╭──

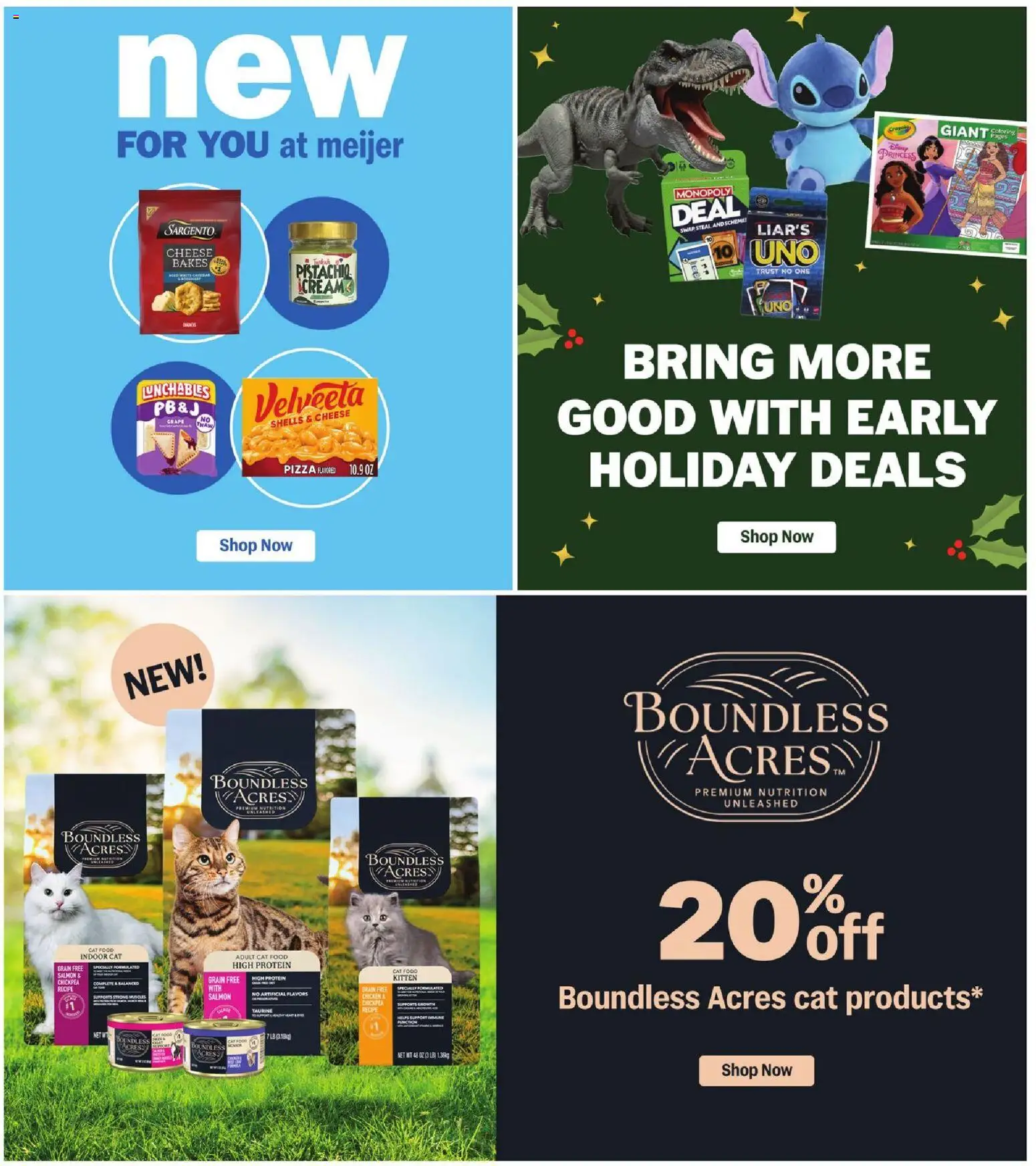 Meijer Weekly Ad - MI - valid from 29.10.2025 | Page: 39 | Products: Cat Food, Cheese, Pizza, Cream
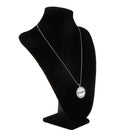 Round Circle Lettering Aunt of Groom Pendant Necklace for Wedding Party Gift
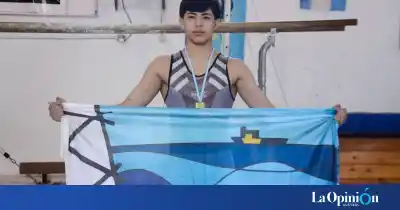 Un pibe de Caleta Olivia la rompe en gimnasia, pero hay algo que le impide volver a competir
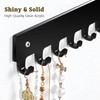 milylove Acrylic Necklace Holder 2 Pack Wall Mounted Necklace Organizer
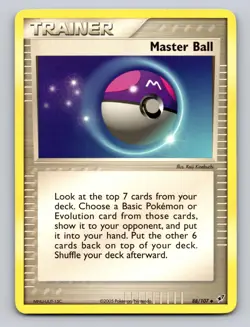 Master Ball 88/107 Uncommon Deoxys Pokemon NM - Image 1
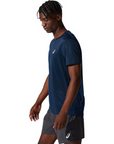 Asics technical running t-shirt for men Core SS Top 2011C341 401 blue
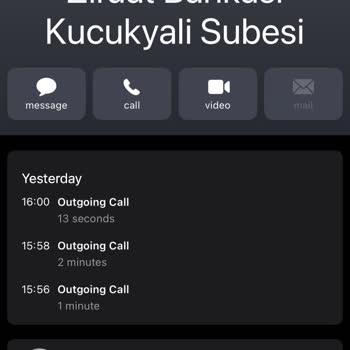 Ziraat Bankası Küçükyalı Şubesi'ne Kesinlikle Ulaşılamıyor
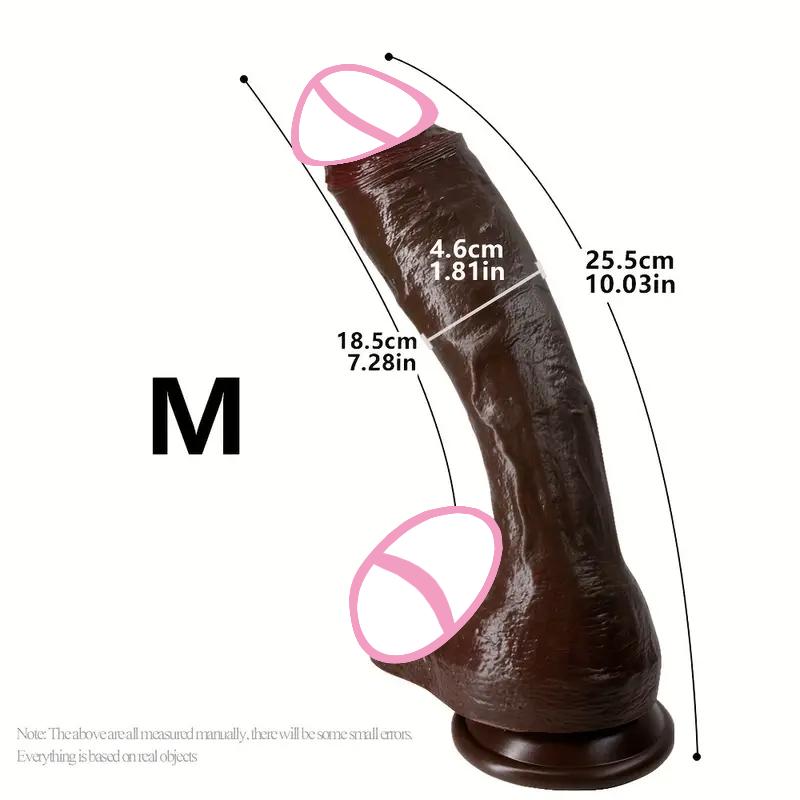 Oversized Soft Realistic Dildo Big Penis Suction Cup Dick Penetration Anal Adult Sex Toys Women Masturbation Clitoral and Vaginal G-spot Stimulation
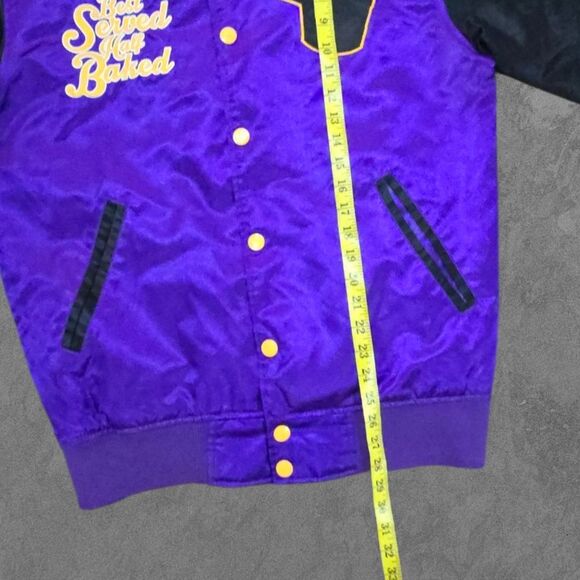 The Pothead Diaries LA Bakers Varsity Satin Patch Jacket Mens Large - Picture 6 of 6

╰──

» Exercise requirements
The answer is the full set of records printed exactly, less the pictures.

» Task answer
 Meijer Weekly Ad - MI - valid from 29.10.2025 | Page: 39 | Products: Cat Food, Cheese, Pizza, Cream
 Round Circle Lettering Aunt of Groom Pendant Necklace for Wedding Party Gift
 Un pibe de Caleta Olivia la rompe en gimnasia, pero hay algo que le impide volver a competir
 milylove Acrylic Necklace Holder 2 Pack Wall Mounted Necklace Organizer
 Master Ball 88/107 Uncommon Deoxys Pokemon NM - Image 1
 Asics technical running t-shirt for men Core SS Top 2011C341 401 blue
 Ziraat Bankası Küçükyalı Şubesi'ne Kesinlikle Ulaşılamıyor
 Oversized Soft Realistic Dildo Big Penis Suction Cup Dick Penetration Anal Adult Sex Toys Women Masturbation Clitoral and Vaginal G-spot Stimulation
 The Pothead Diaries LA Bakers Varsity Satin Patch Jacket Mens Large - Picture 6 of 6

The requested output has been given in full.